Em sendo coroa, é se fazer de menina,
jogar charme, botar uma saia curta e ficar puxando pra baixo tentando
cobrir sua parte mais íntima. E ninguém chegar junto, a não ser o “não é
bem isso que eu quero!”.
É não ter jeito o cara que recebe da noiva
insegura mais de quinze mensagens no celular e não conseguir dar um fim
na sua animalidade com a primeira vaca que encontrou.
Desajeitada é a mulher se levantar
abruptamente da mesa de restaurante em revanche ao homem não seguir o
roteiro da conquista prescrito por ela. É a mãe ser menos mulher que a
babá.
Desajeitado é lançar perdigotos na sua cara sem lhe dar o
direito de defesa. É o bom samaritano a querer decodificar os hipócritas
tanto quanto teimam em te enganar.
Ou seria estabanada, quem faz o asseio matinal e encharca
a pia do banheiro? Também pudera, trocar os óculos por lentes de contato
e se ver gorda, com celulite e caída nos culotes, é melhor continuar
míope!
O desespero aumenta com o diagnóstico do Censo 2000 de que
falta homem no mercado associado à pirâmide da solidão feminina criada
pela demógrafa Elza Berquó. Os homens dificilmente ficam sós, escolhem
garotas mais jovens, olham para baixo da pirâmide etária onde a base é
mais larga. Enquanto que para as mulheres está cada vez mais complicado
encontrar um parceiro a partir dos 35 anos, olham para o alto da
pirâmide, que é mais estreito. Que remédio, se as mães continuam a criar
os filhos da mesma forma, incapazes de lidar com esse novo ser da
mulher.
O choro é livre se não agüentam os fantásticos domingos
com aqueles gordos com cara de sapo nas mesas-redondas de futebol, a
tampa do vaso levantada, a chopada com os amigos, a pelada com os
colegas de trabalho e a indiferença diante de mechas e seios que
disputam a primazia com decotes. Por via das dúvidas, seguro morreu de
velho, joguem as lentes fora, é a era da bunda, o culote que se dane!

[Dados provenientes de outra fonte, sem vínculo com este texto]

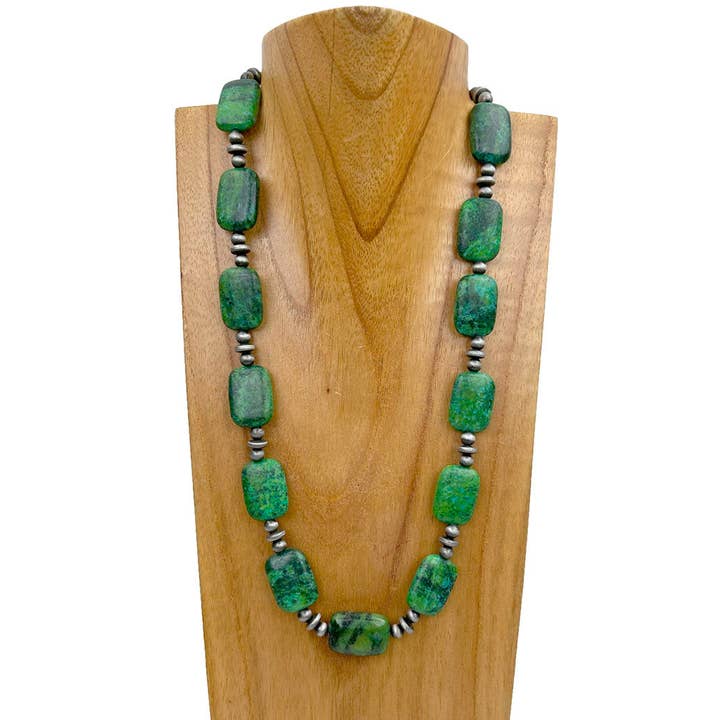 Collar NKZ240330-13 de 23 pulgadas de perla navajo plateada con piedra turquesa rectangular verde para venta al por mayor de Western Elite Jewelry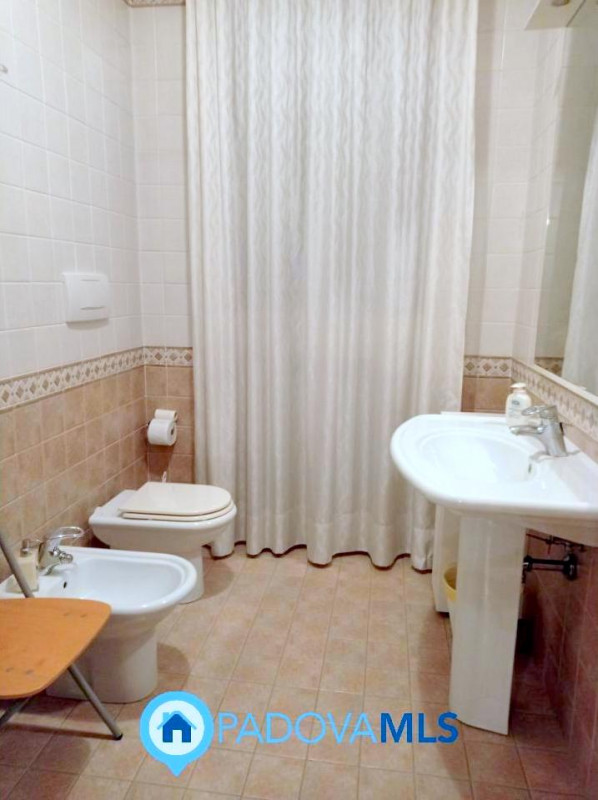 Immobile in esclusiva al Gruppo Padova MLS

PRESTIGIOSA VILLA SINGOLA CON PISCINA INTERNA E AREA ...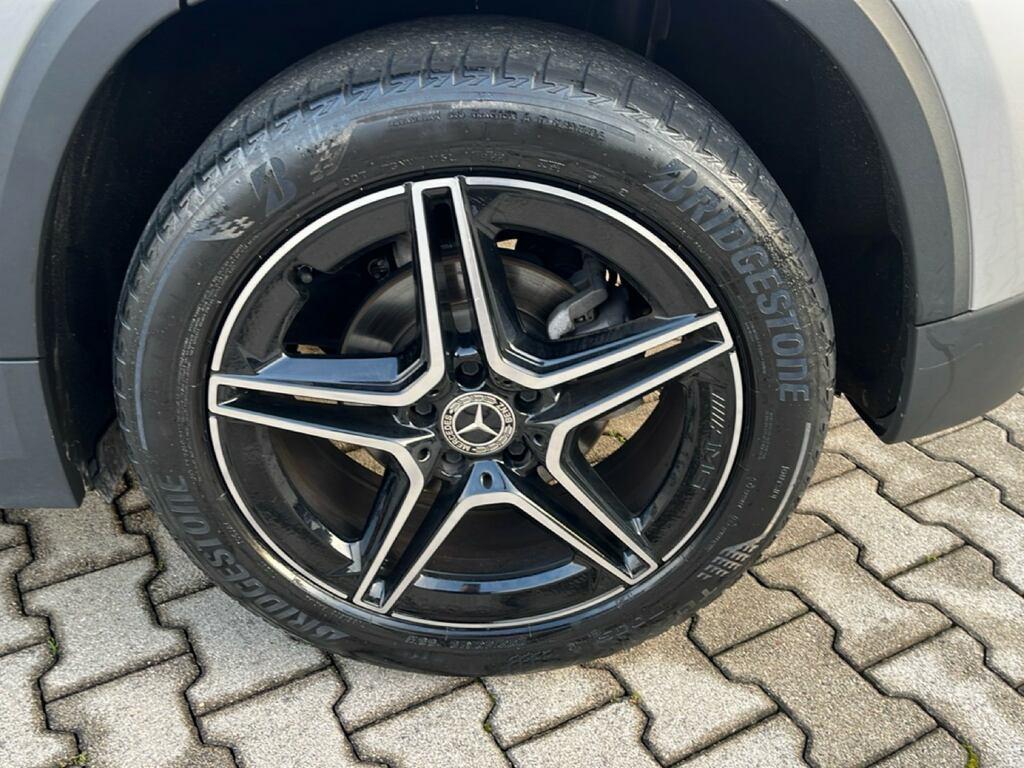 Mercedes GLA 200 200 D Premium 8G-DCT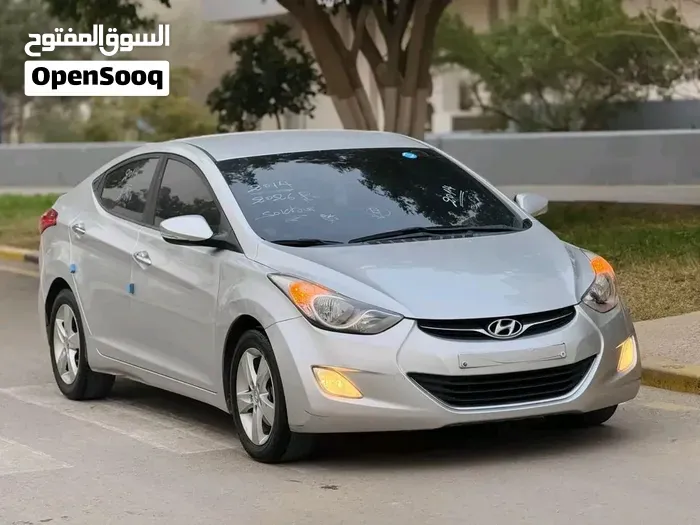 Hyundai Avante 2012 photo 2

Quem nos confidencia é a vítima do golpe Boa noite,
Cinderela. Vai-se a uma boate, cerca-se de amizades promissoras que
dopam sua bebida e acorda com a polícia batendo à porta de sua casa para
saber se o seu carro batido é o mesmo que atropelou inocentes no ponto
de ônibus. Olha em volta e o apartamento revirado revela um vazio
existencial na carteira, em cima dos móveis, nas gavetas e armários, no
porquinho, o cofre.
No que enfia as mãos nos bolsos traseiros do jeans, sente
que por lá também andaram passando e começa a cantar confuso: “o orvalho
vem caindo, vai molhar o meu chapéu, e também vão sumindo, as estrelas
lá do céu, sentimental eu sou...”. Desajeitado também.